Today I'm joining in the publication day celebrations for Girl, Unstrung and it's my pleasure to welcome author Claire Handscombe to the blog.
Can you tell us a little bit about yourself and how your writing journey started?I wrote a lot as a pre-teen and teenager, but for lots of reasons I sort of stopped for a long time after that. Then in 2008, I started watching The West Wing, and something about the way language is used in that show re-awakened that creative part of my brain. I started reading a lot of novels and a lot of books about writing and dived into my first novel!
If you had to give an elevator pitch for your latest book Girl, Unstrung, what would it be?
Girl, Unstrung is a YA contemporary about a teen violist with a big life plan and a distracting crush on a Scrabble geek.
Not her semi-famous dad.
Not her new stepmom.
Not her annoying sisters.
And definitely not Tim, the swoopy-haired Scrabble geek...
You might think it's fun to grow up around Hollywood with semi-famous parents. You'd be wrong, and Clara Cassidy would be the first to tell you so.
She's fourteen, figuring out life with three siblings and a new stepmom, and navigating her freshman year at a stupid high school where she doesn't even want to be. She was supposed to be at arts school by now.
It's fine, though, totally fine: she's going to practice her viola extra hard and get into LACHSA next year. She's definitely 100 percent focused and not even slightly going to get distracted by Tim, the sophomore Scrabble champion with the swoopy hair and the chin dimple. Nope. Not her.
Where did the inspiration come from to include an aspiring classical musician as your central character? And how much research did you need to do into learning about playing the viola?
It was kind of by accident! Girl, Unstrung is set in the same world as my debut novel, Unscripted. In that novel, one of the main characters has four kids and I made the eldest a viola player because I wanted something a bit more offbeat than the violin. I wanted her to say in her pre-teen way, “Duhhh, it’s the viola, not the violin” at one point and then I ended up giving her her own story!
I grew up playing the flute so a lot of how it feels to be a musician and love music comes from my own experience.
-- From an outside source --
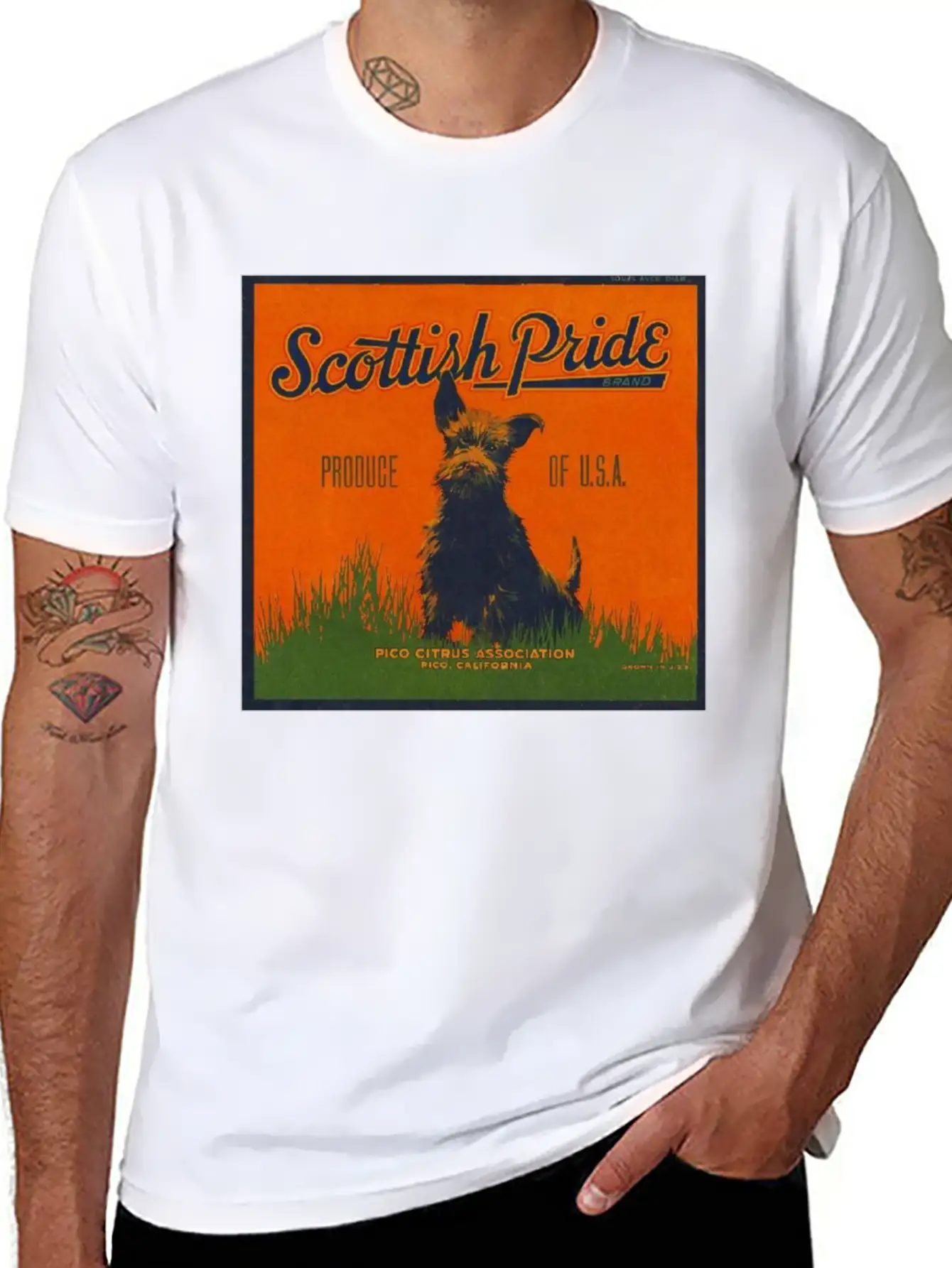 SCOTTISH PRIDE Modern Fit Casual T-Shirt – Clean And Versatile Design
Otherwise, I read a novel that featured string players – Sight Reading by Daphne Kalotay -- did some online research, joined some relevant Facebook groups, listened to a lot of music, and asked my viola player friends a lot of questions!
What attracted you to writing YA as opposed to any other genre?
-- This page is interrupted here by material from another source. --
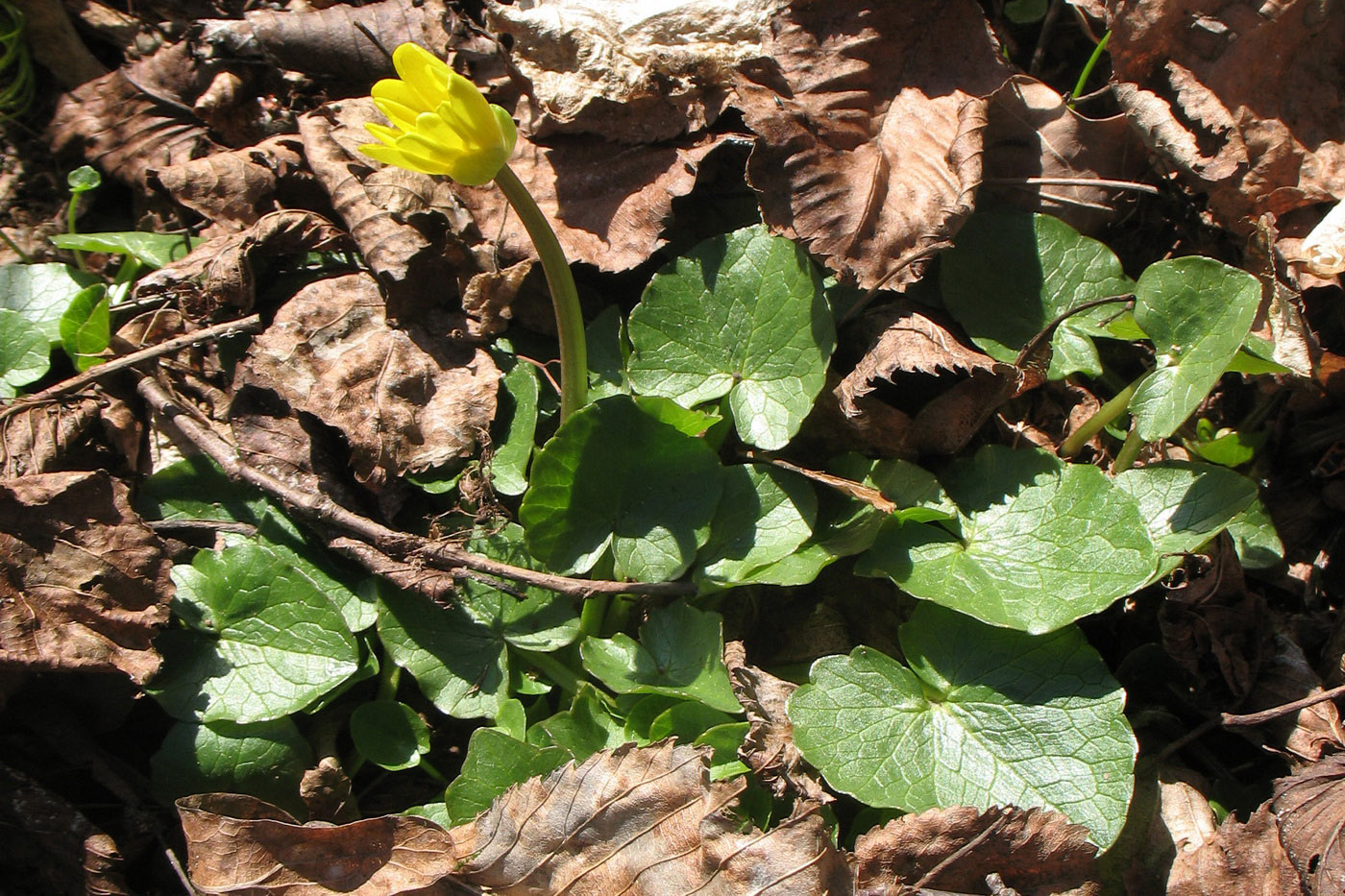 Image of Ficaria stepporum specimen.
I’ve written non-fiction and adult fiction before so I think I like to try new things.
What I love about YA is the big feelings, how big a deal everything seems at that age. But honestly, for this novel, it was because I had this character’s voice in my head and I wanted to spend more time with her and with the other characters whom I already knew from my other novel, Unscripted.
What comes first for you, characters or plot?
Usually the characters and the one thing they’re obsessed about, which will become the thing that triggers the plot! That was definitely true this time.
What would you say is the best thing about writing? And on the flip side, what is the hardest?
The best thing about writing is being able to lose yourself in another world and create characters you fall in love with. The hardest is the end part of the edits, when you think you’re almost done but you have to read it yet again and then find a glaring error that throws a few things off and you’re back to the drawing board right when you think you can’t look at this novel for one more second! Also, marketing is a nightmare. I enjoy it, but it feels like yelling into the void a lot of the time and that can get really disappointing.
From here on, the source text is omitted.